Metadata-Version: 2.1
Name: qir
Version: 0.0.6
Summary: Chiral magnetic noise calculations in thin magnetic films.
Home-page: https://github.com/helenala/qi-relaxometry
Author: Helena La
Author-email: heelenala@gmail.com
License: UNKNOWN
Platform: UNKNOWN
Classifier: Programming Language :: Python :: 3.6
Classifier: License :: OSI Approved :: GNU General Public License v2 or later (GPLv2+)
Classifier: Operating System :: OS Independent
Description-Content-Type: text/markdown
License-File: LICENSE.txt

# Quantum Impurity Relaxometry

Magnons are quanta of spin waves, which are modes of collectively precessing spins. Thermally excited magnons in thin magnetic films generate stray fields at the film surface which can be detected using quantum impurities such as nitrogen-vacancy (NV) centers. NVs are lattice defects in diamond and are able to couple with magnon stray fields. Assuming a thermal occupancy of magnon modes, we study the magnetization dynamics of the magnons propagating through thin magnetic insulators using the Landau-Lifshitz-Gilbert equation. We implement a numerical model to predict and understand the response of the NV center to proximal magnons in thin films.
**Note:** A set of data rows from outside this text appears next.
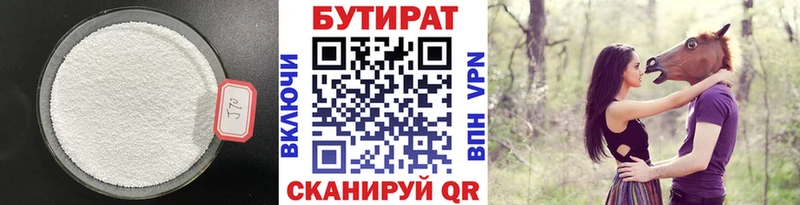 Бутират жидкий экстази  даркнет как зайти  Змеиногорск 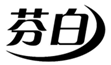  芬白
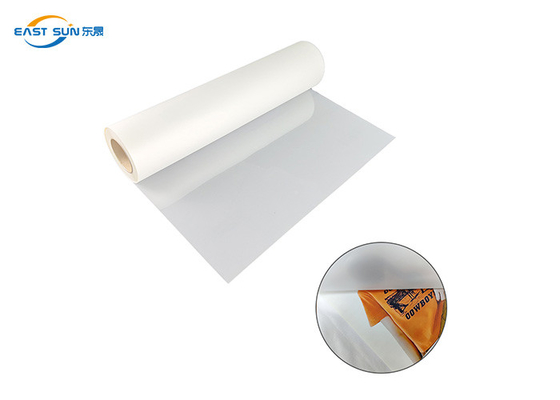 Good price پوست سرد پوست گرم DTF فیلم PET 30cm 33cm 60cm برای چاپگر DTF آنلاین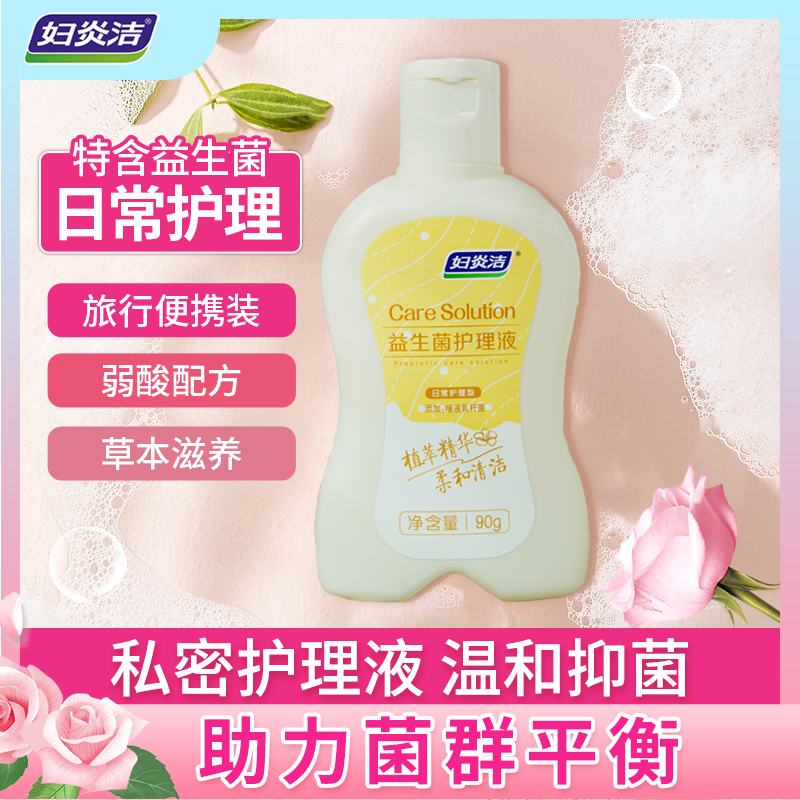 妇炎洁益生菌90g抑菌私密护理草本留香持久便携清洁保湿弱酸温和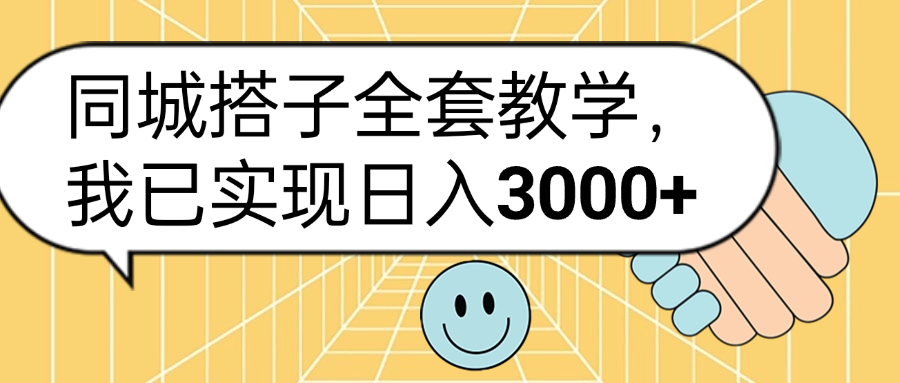 同城搭子全套玩法，我已实现日3000+-先锋思维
We investigate how the NV relaxation rate changes for different NV orientations by extending and generalizing the existing theory on chiral magnetic noise, and simulate an experimental setup for an NV placed just above the surface of an ultrathin magnetic insulator. The simulation includes a static bias field in an arbitrary orientation with respect to the quantization axis of the NV center using the diamond’s tetrahedral symmetry. This extended model is in demand due to limitations in present-day measurement techniques to align the bias field with an NV center.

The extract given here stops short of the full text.